Hi,
I am following examples from Marz' book, and playing with Pail and graph thrift schema.
Anyway, I noticed following issues, so you correct me if I'm wrong:
1. There is no way to specify Hadoop Configuration for Pail utility MR jobs (for example - snapshot()). I peek into the code, and I can see that JobConf is created without taking any Configuration parameter from anywhere, so the only way to set Jobtracker address and other Hadoop properties was to place core-site.xml and mapred-site.xml in root of my classpath, because that's the default location that is checked automatically.
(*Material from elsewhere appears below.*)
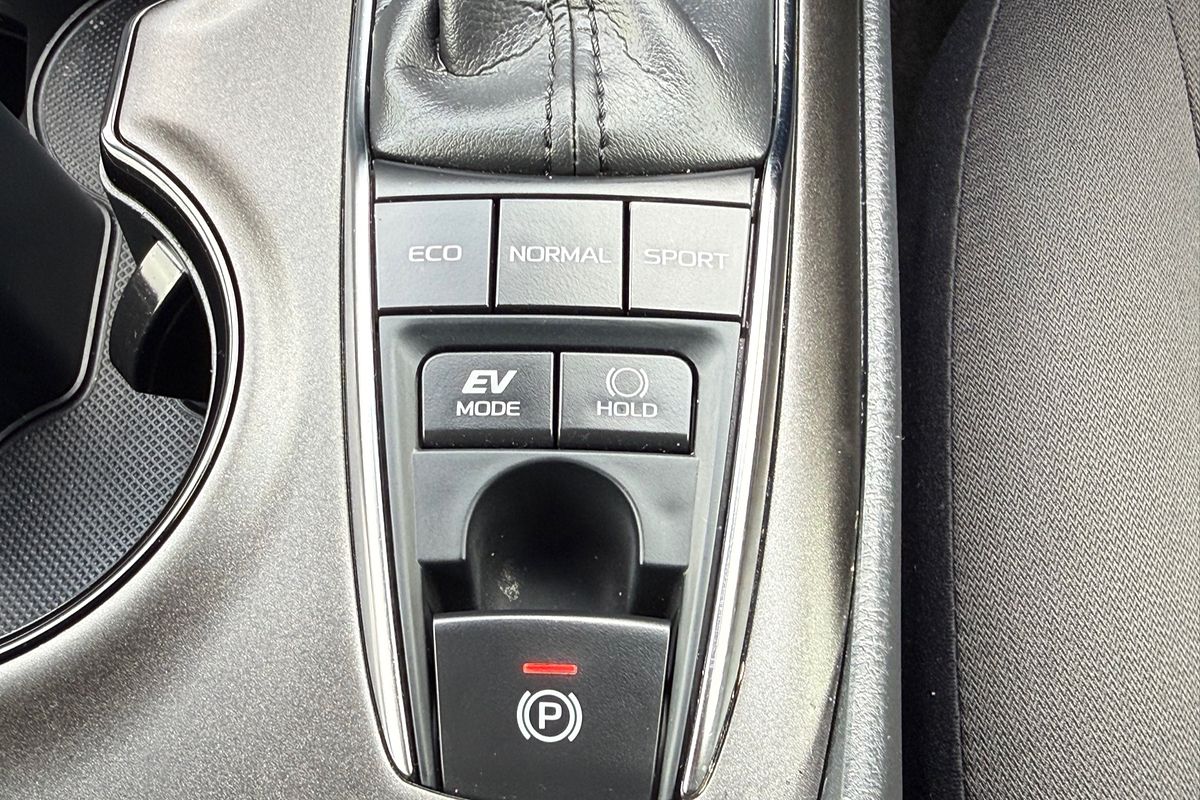 2024 Toyota Camry Ascent AXVH70R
2. Source PailTap should read stored records from specified Pail using registered structure (in pail.meta), so only path to existing Pail should be sufficient. Even EAP version of Big data book says so, by giving example of source pailtap, something like:
Tap sourceTap = new PailTap("/path/to/source/pail");
Unfortunately, this constructor that takes only String path doesn't work since it does not use registered PailStructure while reading, thus throwing errors when I try to sink that sourced data into target PailTap, such as:
Caused by: java.lang.ClassCastException: org.apache.hadoop.io.BytesWritable cannot be cast to com.marcinko.bigdatalab.domain.Data
(jus a note, both sing and source PailTap use my data object)
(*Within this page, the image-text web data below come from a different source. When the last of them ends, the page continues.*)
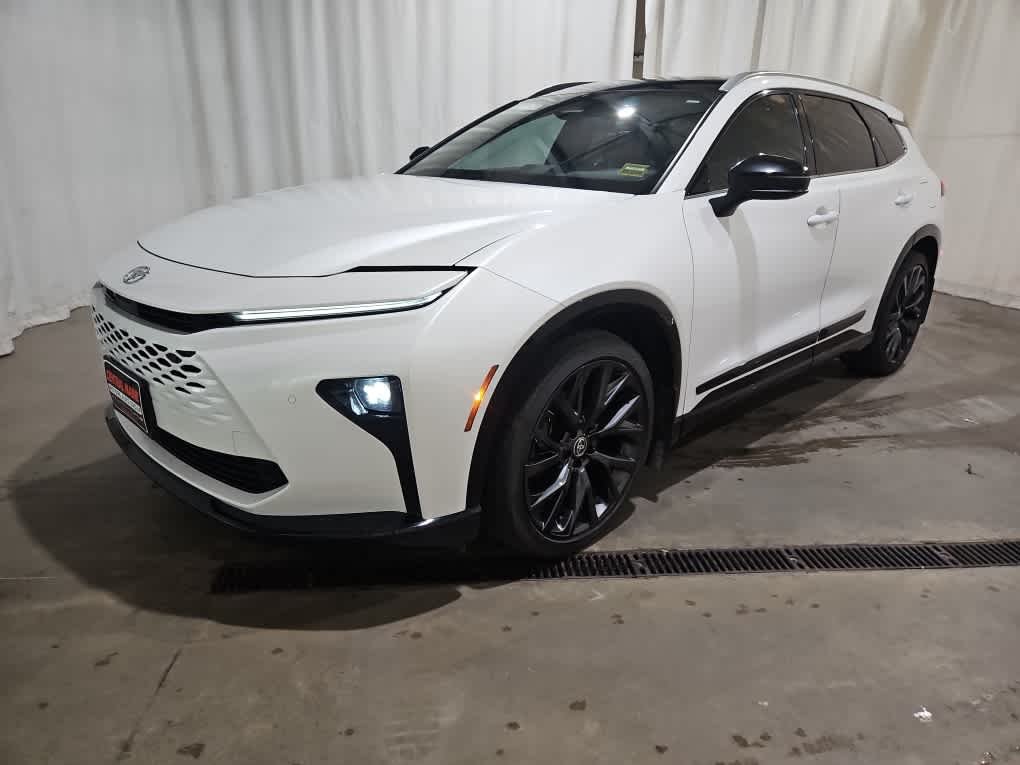Used 2025 Oxygen White Toyota Limited image 2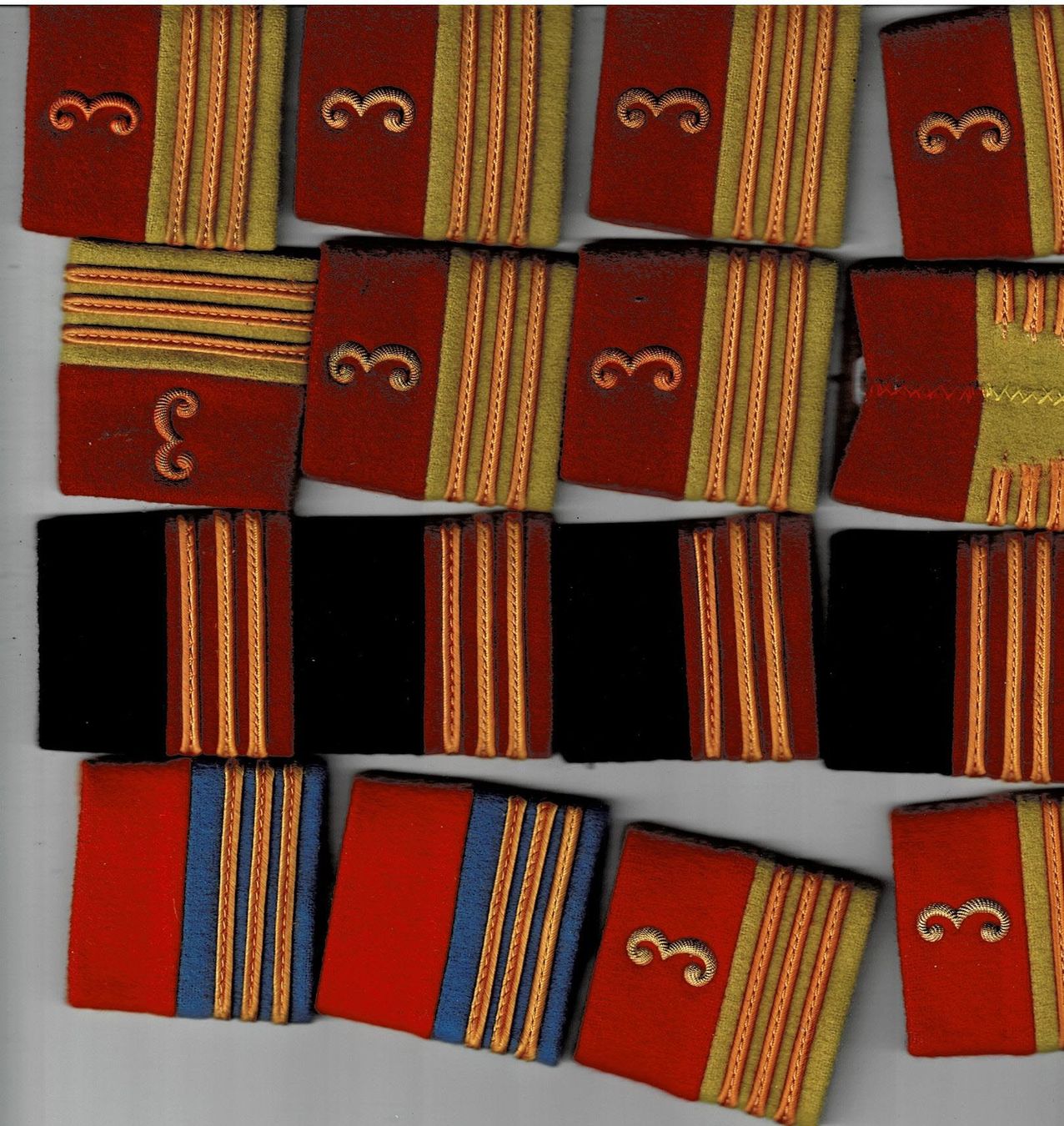 Schweizer Armee Placchette & Badge: Militär batten Sammlung – Usato da Sulz AG venduto da Oberdanne8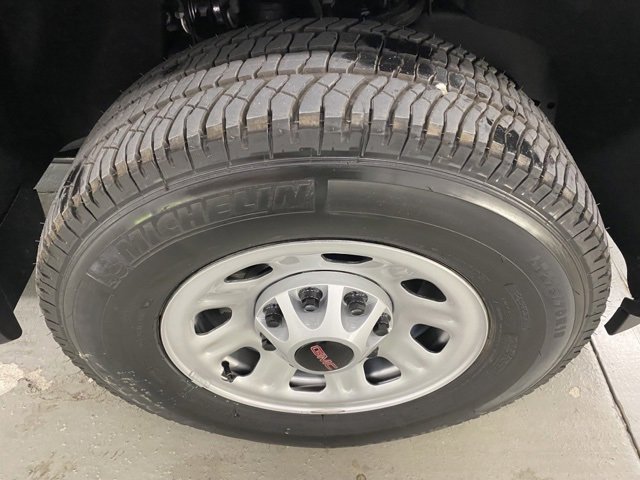 2025 Gmc Sierra 2500 HD Pro photo 4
After using other constructor for my sink PailTap, the one that takes PailTap.Options as second argument, then stuff worked:
public static PailTap constructSourcePailTap(Pail pail) {
PailTap.PailTapOptions opts = new PailTap.PailTapOptions();
opts.spec = pail.getSpec();
return new PailTap(pail.getRoot(), opts);
// return new PailTap(pail.getRoot()); // this doesn't work!!!
}
Regards,
Vjeran